** EXTRACTED ENTRIES follows **

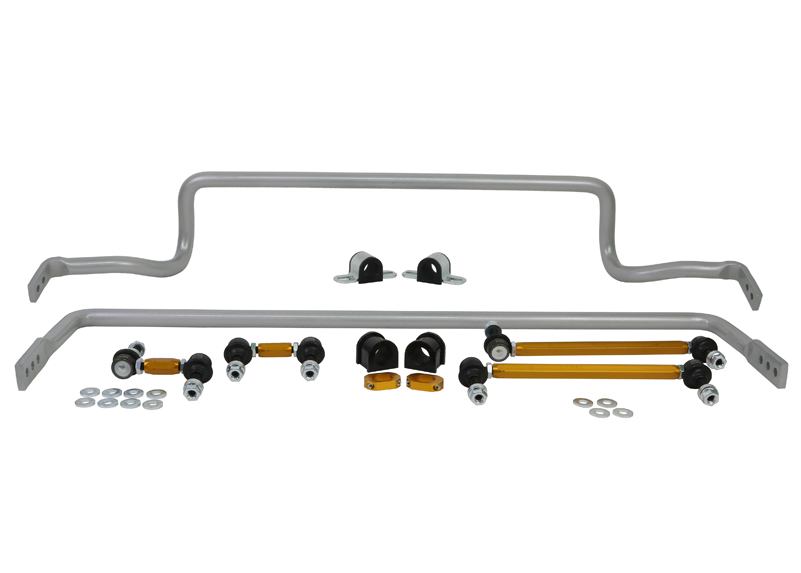 Whiteline front & rear anti-roll bar kit mitsubishi lancer cj 2009-2017 - bmk007 2 Whiteline front & rear anti-roll bar kit mitsubishi lancer cj 2009-2017 - bmk007 - image 2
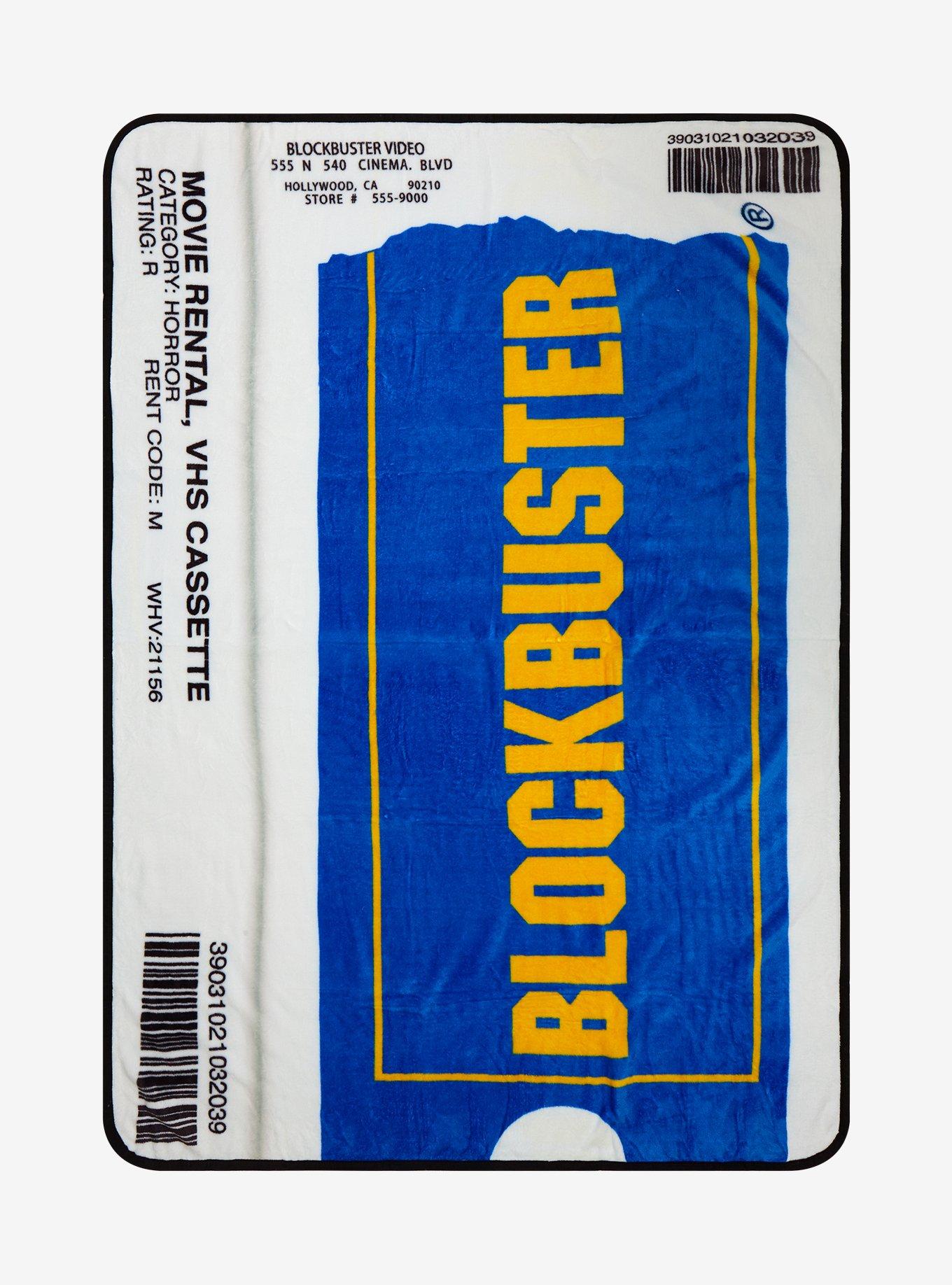 Blockbuster VHS Throw Blanket, , hi-res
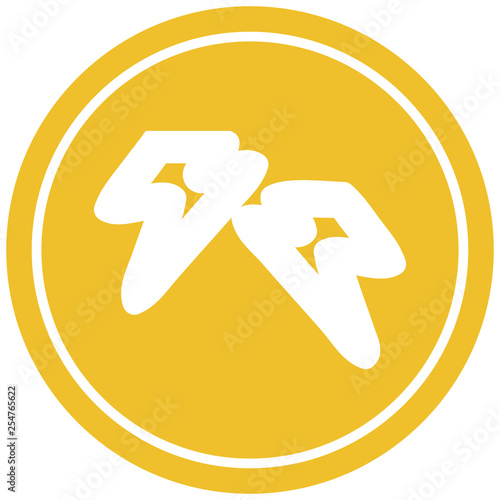 lightning bolts circular icon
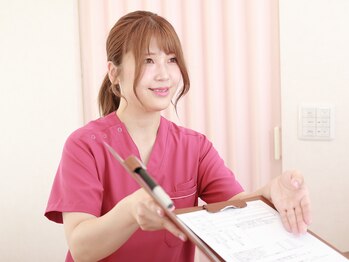 とだ整体院/カウンセリングシートに記入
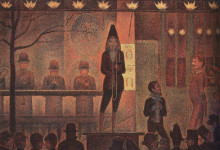 Репродукция картины "цирковой парад" художника "сёра жорж"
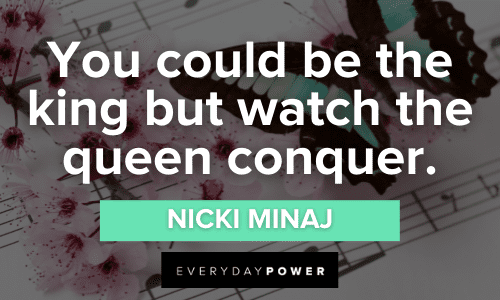 nicki minaj song quotes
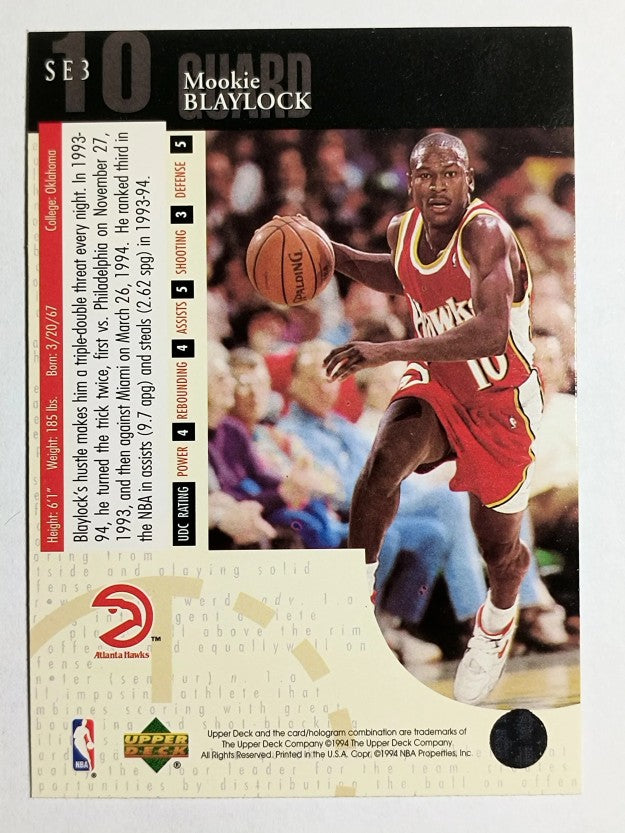 1994-95 Upper Deck Special Edition #3 Mookie Blaylock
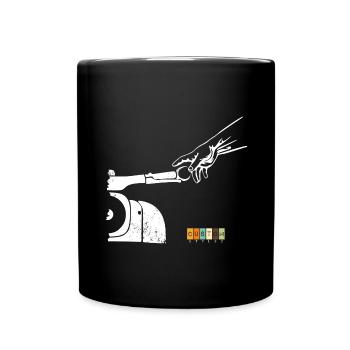 Schwalbefahrer - Simson Schwalbe DDR - Tasse einfarbig - Schwarz - Vorne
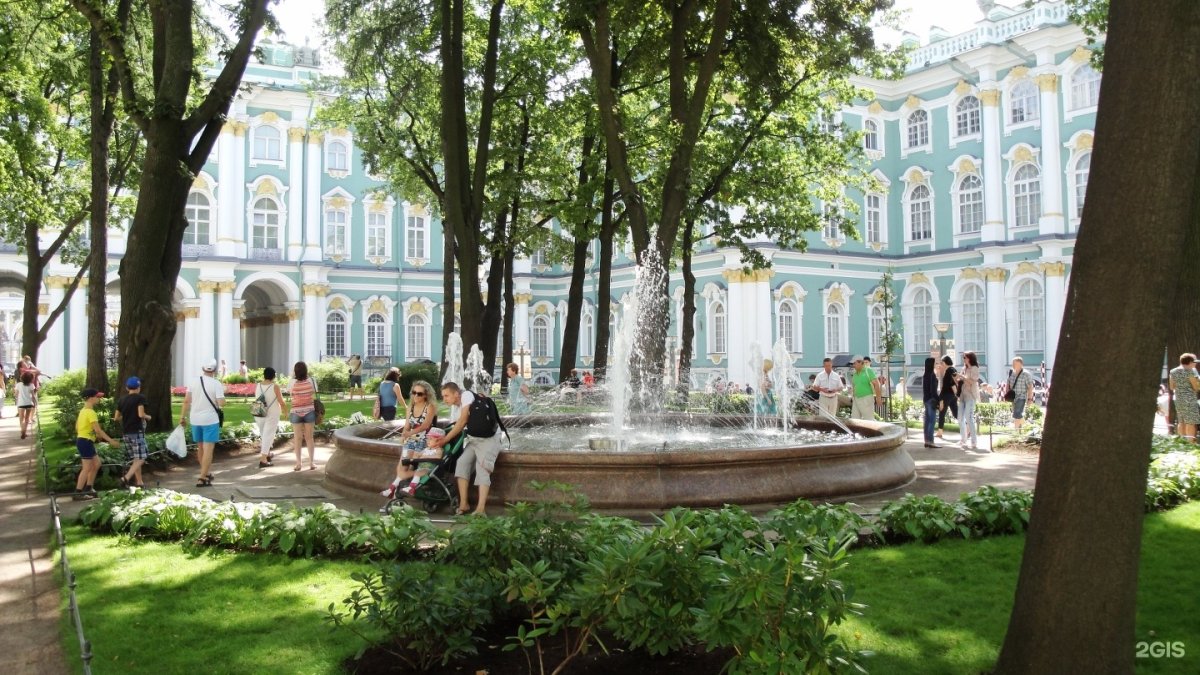 Эрмитаж фонтаны Санкт-Петербург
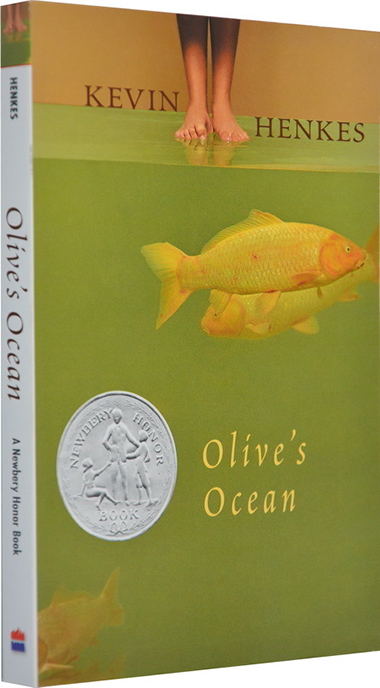 奥利芙的海洋 Olive’s Ocean 英文原版 2004年纽伯瑞银奖儿童文学 Kevin Henkes 课外阅读英文 青少年小说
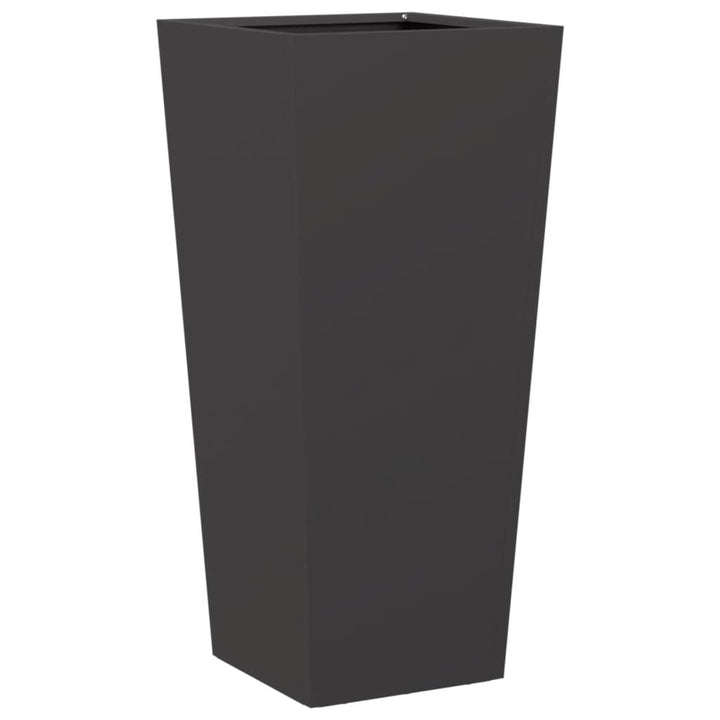 plantekrukke 35x35x75 cm stål sort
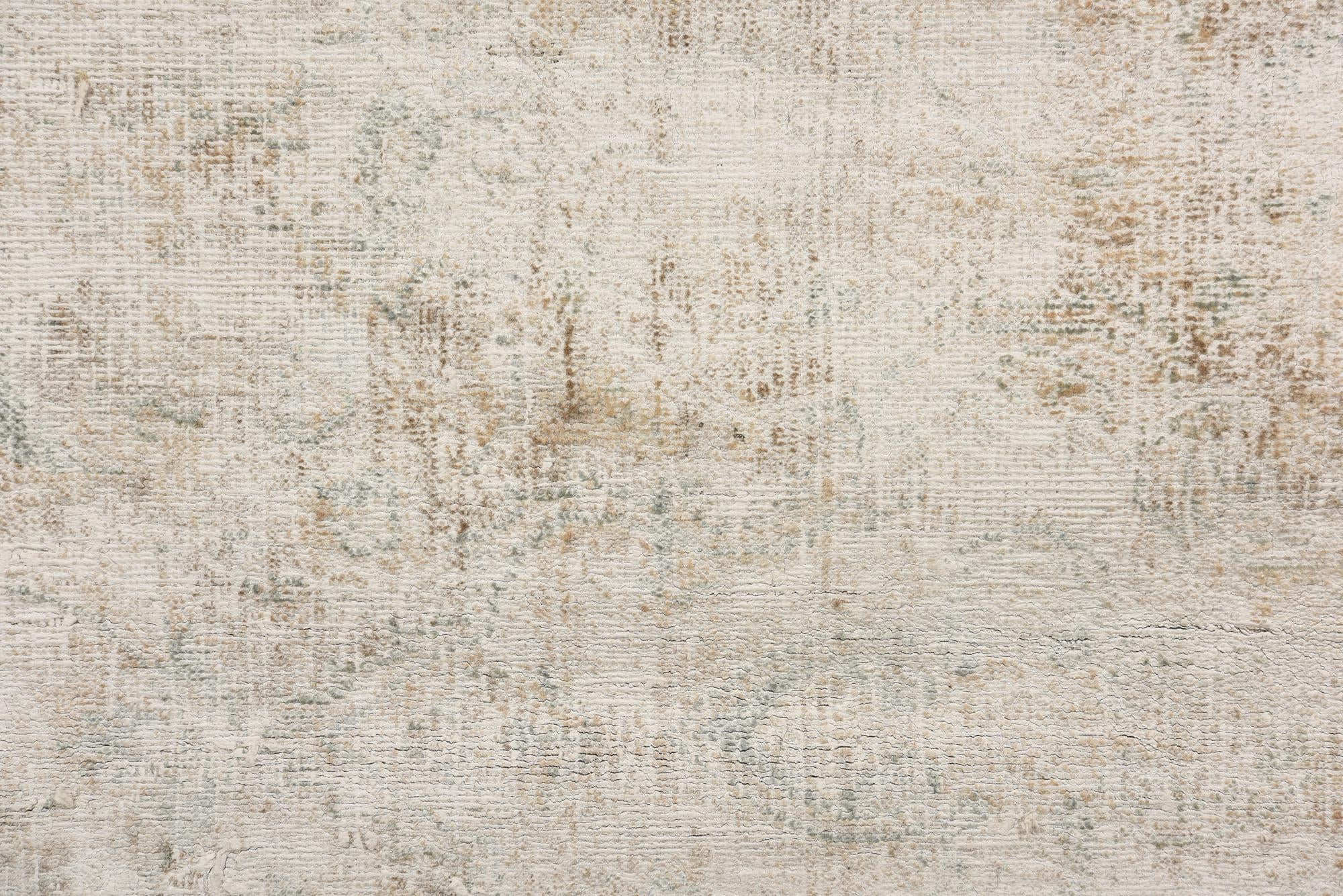9' 3 x 13' Hand Knotted Ultra Vintage Persian Wool Rug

** End of EXTRACTED ENTRIES **

• [TASK BRIEF] The expected output is an exact copy of the lines from the top of the data above through the line containing "nicki minaj song quotes", both included, with every picture omitted.

• [SOLUTION TO THE PROBLEM]
 Whiteline front & rear anti-roll bar kit mitsubishi lancer cj 2009-2017 - bmk007 2 Whiteline front & rear anti-roll bar kit mitsubishi lancer cj 2009-2017 - bmk007 - image 2
 Blockbuster VHS Throw Blanket, , hi-res
 lightning bolts circular icon
 とだ整体院/カウンセリングシートに記入
 Репродукция картины "цирковой парад" художника "сёра жорж"
 nicki minaj song quotes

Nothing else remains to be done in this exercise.